17 Nov Why we all Make Typos – and What to do About it
When you write for a living, missing a typo is incredibly embarrassing. It makes you look unprofessional, sloppy and lazy. And if you have no proofreader, it’s nearly inevitable. You hang your head and vow to do better the next time.
You can imagine how thrilled we were when we came across this article in Wired magazine that seeks to explain why we make mistakes – and why not catching them actually suggests we’re kind of smart.
The article’s author interviews psychologist Tom Stafford, who studies typos at the University of Sheffield in the United Kingdom (What a cool job!) “When you’re writing, you’re trying to convey meaning. It’s a very high level task,” he said.
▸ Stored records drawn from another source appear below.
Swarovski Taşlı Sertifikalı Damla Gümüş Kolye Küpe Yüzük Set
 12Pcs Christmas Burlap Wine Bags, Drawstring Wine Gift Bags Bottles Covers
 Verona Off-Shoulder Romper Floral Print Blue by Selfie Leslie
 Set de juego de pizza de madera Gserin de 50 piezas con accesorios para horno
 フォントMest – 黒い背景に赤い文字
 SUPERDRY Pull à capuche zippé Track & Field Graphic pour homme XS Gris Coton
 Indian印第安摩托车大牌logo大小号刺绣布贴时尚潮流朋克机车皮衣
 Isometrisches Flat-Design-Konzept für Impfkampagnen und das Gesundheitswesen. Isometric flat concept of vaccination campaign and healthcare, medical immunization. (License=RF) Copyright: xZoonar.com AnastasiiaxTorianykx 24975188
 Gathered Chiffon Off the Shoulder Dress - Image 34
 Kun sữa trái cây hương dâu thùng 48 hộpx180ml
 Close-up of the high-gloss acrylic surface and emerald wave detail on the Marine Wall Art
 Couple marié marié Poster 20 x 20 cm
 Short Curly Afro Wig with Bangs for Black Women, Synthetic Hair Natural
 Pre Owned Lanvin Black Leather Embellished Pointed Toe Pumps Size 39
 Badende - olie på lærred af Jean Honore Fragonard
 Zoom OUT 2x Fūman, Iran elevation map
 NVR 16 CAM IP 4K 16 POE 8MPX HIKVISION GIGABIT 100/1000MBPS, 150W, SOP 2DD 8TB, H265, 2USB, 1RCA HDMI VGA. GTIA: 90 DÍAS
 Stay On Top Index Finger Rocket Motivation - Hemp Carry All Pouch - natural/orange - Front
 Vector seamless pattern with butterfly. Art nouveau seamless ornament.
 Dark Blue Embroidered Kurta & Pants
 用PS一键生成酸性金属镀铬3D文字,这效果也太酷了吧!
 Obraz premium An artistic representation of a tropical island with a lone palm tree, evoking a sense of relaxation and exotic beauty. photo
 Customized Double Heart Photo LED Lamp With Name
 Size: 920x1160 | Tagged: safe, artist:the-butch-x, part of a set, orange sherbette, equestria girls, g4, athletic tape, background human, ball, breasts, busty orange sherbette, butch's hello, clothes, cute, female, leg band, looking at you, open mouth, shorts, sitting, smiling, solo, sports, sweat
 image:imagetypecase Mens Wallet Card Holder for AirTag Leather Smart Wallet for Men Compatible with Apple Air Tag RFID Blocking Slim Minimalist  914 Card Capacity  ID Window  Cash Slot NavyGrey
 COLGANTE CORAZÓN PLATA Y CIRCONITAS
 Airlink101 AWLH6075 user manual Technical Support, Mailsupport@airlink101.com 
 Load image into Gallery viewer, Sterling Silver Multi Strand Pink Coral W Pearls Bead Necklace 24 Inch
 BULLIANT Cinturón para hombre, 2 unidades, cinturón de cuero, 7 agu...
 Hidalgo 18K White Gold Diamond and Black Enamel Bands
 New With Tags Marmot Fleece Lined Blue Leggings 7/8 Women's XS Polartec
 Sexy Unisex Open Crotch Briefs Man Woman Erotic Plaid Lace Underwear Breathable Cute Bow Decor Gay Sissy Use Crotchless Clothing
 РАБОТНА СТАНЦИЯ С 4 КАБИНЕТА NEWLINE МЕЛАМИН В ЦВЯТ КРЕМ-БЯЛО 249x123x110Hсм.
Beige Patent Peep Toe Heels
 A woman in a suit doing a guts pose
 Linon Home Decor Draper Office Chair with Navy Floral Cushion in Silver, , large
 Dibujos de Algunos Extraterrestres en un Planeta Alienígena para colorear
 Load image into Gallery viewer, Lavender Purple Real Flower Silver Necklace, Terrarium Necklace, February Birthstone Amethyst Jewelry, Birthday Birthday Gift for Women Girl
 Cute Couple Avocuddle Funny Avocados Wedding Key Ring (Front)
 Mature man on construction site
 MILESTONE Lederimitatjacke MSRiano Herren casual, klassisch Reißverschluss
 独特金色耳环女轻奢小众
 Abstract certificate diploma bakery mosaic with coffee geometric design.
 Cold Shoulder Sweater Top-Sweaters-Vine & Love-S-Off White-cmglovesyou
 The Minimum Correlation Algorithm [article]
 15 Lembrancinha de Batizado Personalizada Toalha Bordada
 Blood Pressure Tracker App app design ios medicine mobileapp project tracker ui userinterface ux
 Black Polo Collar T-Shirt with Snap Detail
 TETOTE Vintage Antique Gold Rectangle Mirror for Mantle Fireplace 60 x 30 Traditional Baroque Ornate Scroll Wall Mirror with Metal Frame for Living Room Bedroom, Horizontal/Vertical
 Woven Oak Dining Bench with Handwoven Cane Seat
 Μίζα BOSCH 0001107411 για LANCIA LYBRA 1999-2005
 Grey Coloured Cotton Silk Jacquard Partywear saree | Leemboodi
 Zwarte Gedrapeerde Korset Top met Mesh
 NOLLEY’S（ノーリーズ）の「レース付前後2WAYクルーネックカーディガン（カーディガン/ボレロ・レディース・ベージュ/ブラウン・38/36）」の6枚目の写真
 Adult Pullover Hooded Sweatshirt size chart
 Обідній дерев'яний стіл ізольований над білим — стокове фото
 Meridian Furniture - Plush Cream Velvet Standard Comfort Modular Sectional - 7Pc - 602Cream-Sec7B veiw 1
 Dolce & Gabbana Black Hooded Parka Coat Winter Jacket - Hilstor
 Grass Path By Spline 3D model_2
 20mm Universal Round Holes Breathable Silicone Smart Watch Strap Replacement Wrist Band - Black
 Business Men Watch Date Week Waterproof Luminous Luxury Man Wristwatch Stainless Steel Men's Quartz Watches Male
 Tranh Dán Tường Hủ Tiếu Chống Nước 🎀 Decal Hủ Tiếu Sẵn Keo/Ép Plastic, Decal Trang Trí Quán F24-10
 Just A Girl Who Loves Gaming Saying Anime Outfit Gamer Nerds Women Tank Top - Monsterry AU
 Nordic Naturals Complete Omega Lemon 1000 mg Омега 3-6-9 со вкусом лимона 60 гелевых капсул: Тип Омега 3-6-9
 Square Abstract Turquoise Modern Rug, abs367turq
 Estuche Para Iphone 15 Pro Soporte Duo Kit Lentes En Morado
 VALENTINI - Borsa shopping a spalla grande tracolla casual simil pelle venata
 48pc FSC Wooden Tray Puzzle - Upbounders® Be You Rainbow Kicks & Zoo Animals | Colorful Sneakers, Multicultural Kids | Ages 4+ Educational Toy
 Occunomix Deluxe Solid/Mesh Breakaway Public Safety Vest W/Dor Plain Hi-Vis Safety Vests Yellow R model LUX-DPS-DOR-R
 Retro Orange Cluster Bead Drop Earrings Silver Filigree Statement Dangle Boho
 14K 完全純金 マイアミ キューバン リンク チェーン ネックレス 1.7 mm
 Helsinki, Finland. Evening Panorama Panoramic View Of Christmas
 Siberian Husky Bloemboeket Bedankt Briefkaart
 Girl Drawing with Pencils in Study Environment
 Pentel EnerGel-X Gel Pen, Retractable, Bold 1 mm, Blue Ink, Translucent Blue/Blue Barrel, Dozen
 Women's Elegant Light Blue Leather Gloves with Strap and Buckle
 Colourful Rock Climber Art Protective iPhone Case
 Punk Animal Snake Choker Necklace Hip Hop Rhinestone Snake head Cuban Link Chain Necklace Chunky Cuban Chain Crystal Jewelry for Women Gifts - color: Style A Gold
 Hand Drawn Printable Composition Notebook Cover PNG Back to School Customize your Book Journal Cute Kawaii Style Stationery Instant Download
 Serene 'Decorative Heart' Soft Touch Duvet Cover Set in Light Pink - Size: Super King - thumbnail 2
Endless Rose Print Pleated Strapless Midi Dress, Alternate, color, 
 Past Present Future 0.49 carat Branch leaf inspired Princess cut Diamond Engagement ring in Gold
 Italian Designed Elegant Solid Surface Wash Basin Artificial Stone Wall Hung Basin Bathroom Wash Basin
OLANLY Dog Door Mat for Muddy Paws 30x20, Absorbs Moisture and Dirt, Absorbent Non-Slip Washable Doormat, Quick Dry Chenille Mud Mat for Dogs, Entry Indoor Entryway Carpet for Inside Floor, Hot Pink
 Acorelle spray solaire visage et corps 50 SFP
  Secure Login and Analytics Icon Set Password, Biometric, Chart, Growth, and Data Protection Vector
The article goes on: “As with all high level tasks, your brain generalizes simple, component parts (like turning letters into words and words into sentences) so it can focus on more complex tasks (like combining sentences into complex ideas). “We don’t catch every detail, we’re not like computers or NSA databases,” said Stafford. “Rather, we take in sensory information and combine it with what we expect, and we extract meaning.”
Stafford goes on to explain that when we proofread our own work we know the meaning we are trying to convey, so we miss misspelled words (like their/there) and garbled phrases because we know what they are supposed to mean.
The complete article is a terrific read. We’d particularly suggest it to anyone you work with that is highly critical when someone makes a typo. There is also some great advice from Stafford on how to trick your brain into seeing the material as new so you can effectively proofread it.
- Change the font.
- Change the background color.
- Print it out and edit it by hand.
We would also add the technique of reading the item aloud. But more importantly, we’d like to make the case for not expecting writers to work in a silo. Teams should edit each other’s work, or consider hiring a copyeditor. Remember, the reason someone is a good writer is because they can take complex ideas and turn them into clear copy.